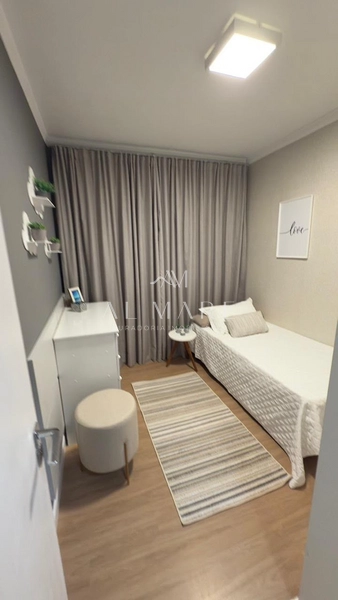 Apartamento de frente com três dormitórios sendo um suíte com automação nas cortinas e vaga de garagem : 8ª foto da galeria de imagens do imóvel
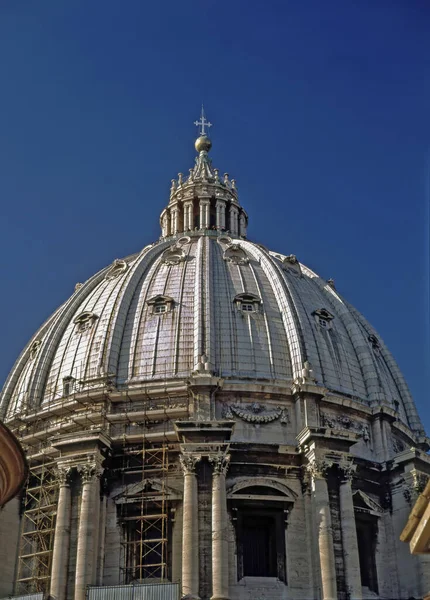 Kupol Sankt Peterskyrkan Rom Italien — Stockfoto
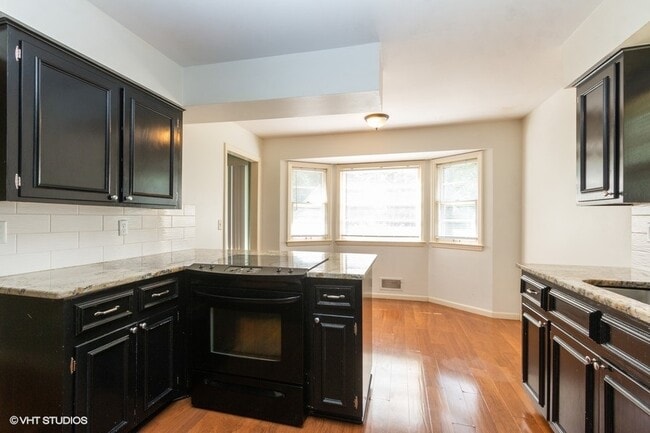 Building Photo - 4449 E 107th St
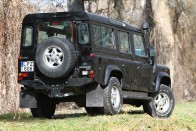 Autó évtizedekre: Land Rover 41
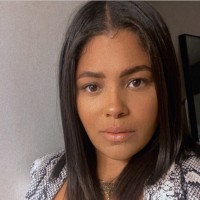 Custom Brand Service Employee Jazmine Walker's profile photo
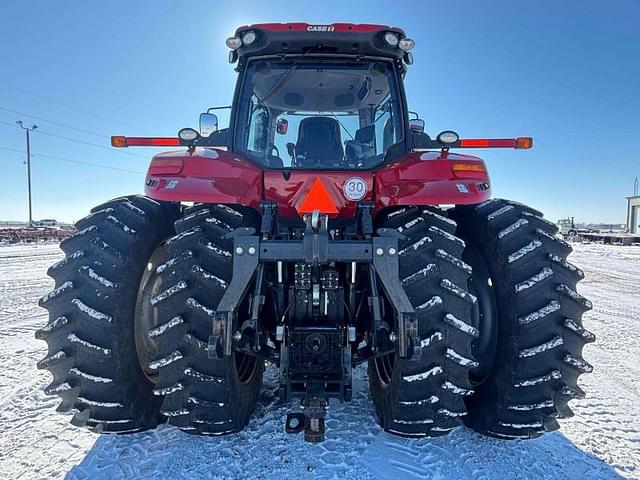 Image of Case IH Magnum 310 equipment image 4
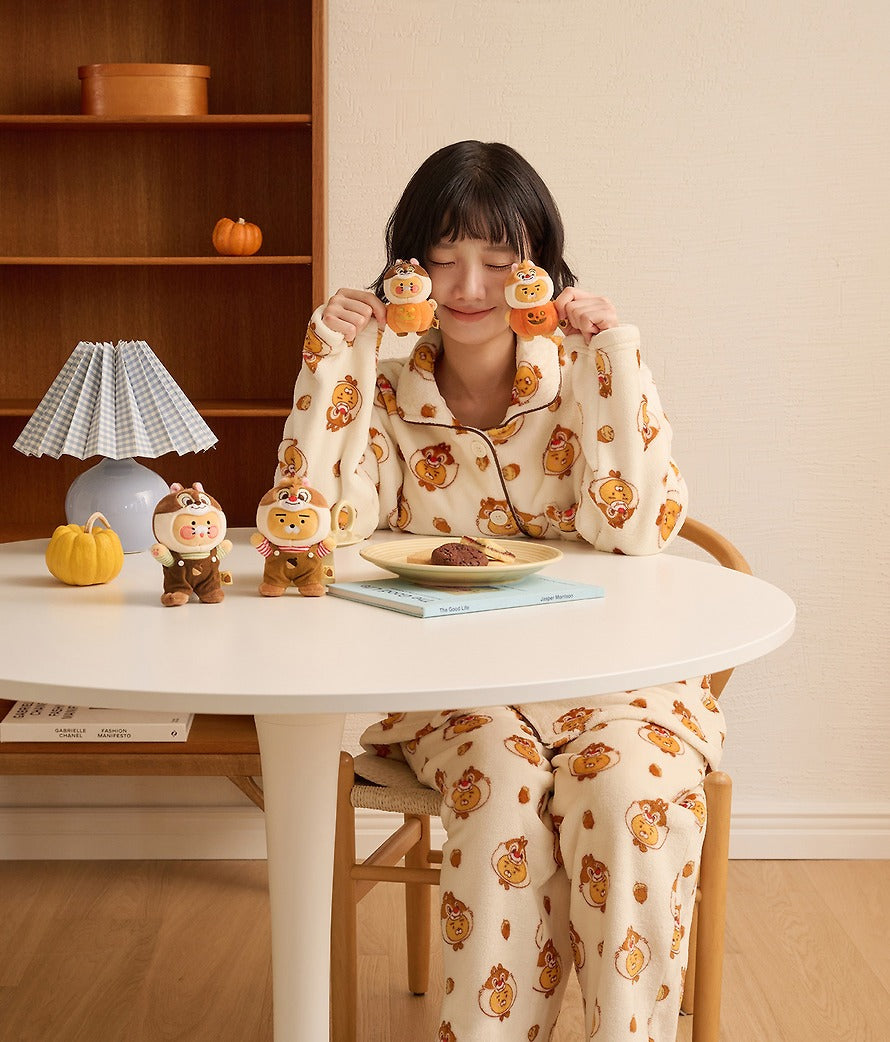[KAKAO FRIENDS]Disney Chip 'n Dale X Kakao Friends Ryan Women's Sleep Pajama Set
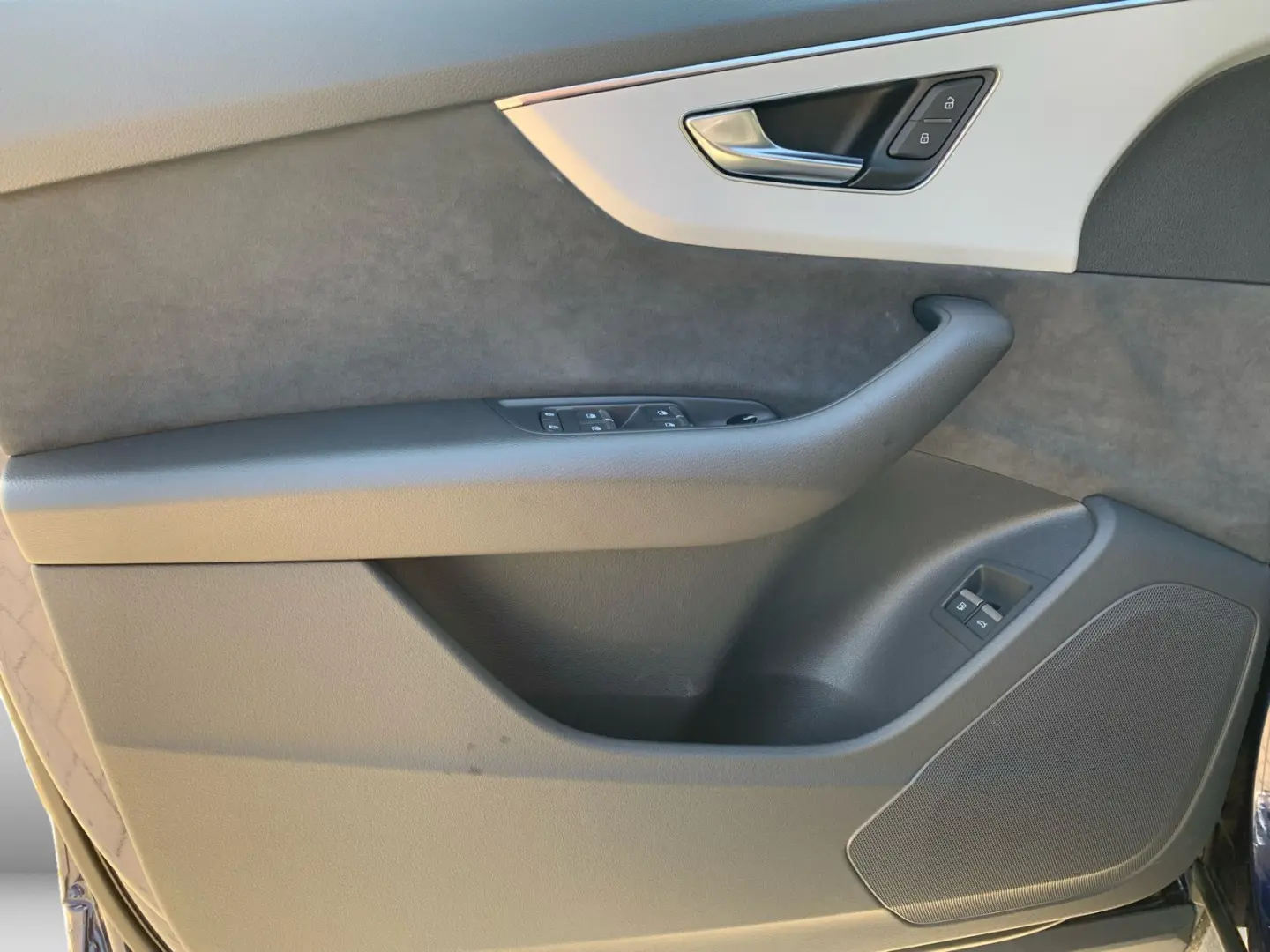 Q8 55 TFSIe quattro tiptronic S Line AHK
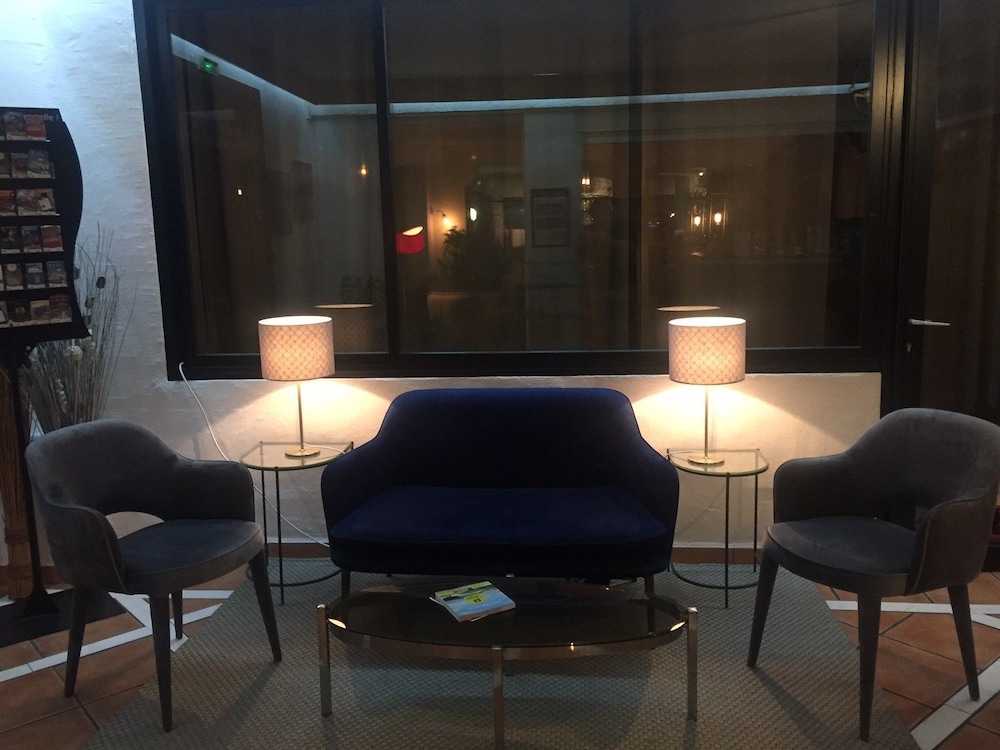 logis hotel et restaurant le galion canet plage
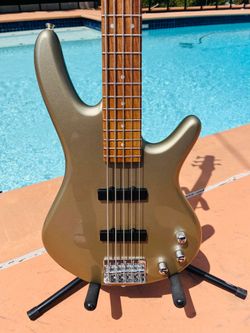 5 String Bass - Super Clean w Tuner, Strap and gig bag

> _What you have to do_:
Could you copy the lines above exactly and skip the images?

> _Solution to the exercise_:
 Apartamento de frente com três dormitórios sendo um suíte com automação nas cortinas e vaga de garagem : 8ª foto da galeria de imagens do imóvel
 Kupol Sankt Peterskyrkan Rom Italien — Stockfoto
 Building Photo - 4449 E 107th St
 Autó évtizedekre: Land Rover 41
 Custom Brand Service Employee Jazmine Walker's profile photo
 Image of Case IH Magnum 310 equipment image 4
[KAKAO FRIENDS]Disney Chip 'n Dale X Kakao Friends Ryan Women's Sleep Pajama Set
 Q8 55 TFSIe quattro tiptronic S Line AHK
 logis hotel et restaurant le galion canet plage
 5 String Bass - Super Clean w Tuner, Strap and gig bag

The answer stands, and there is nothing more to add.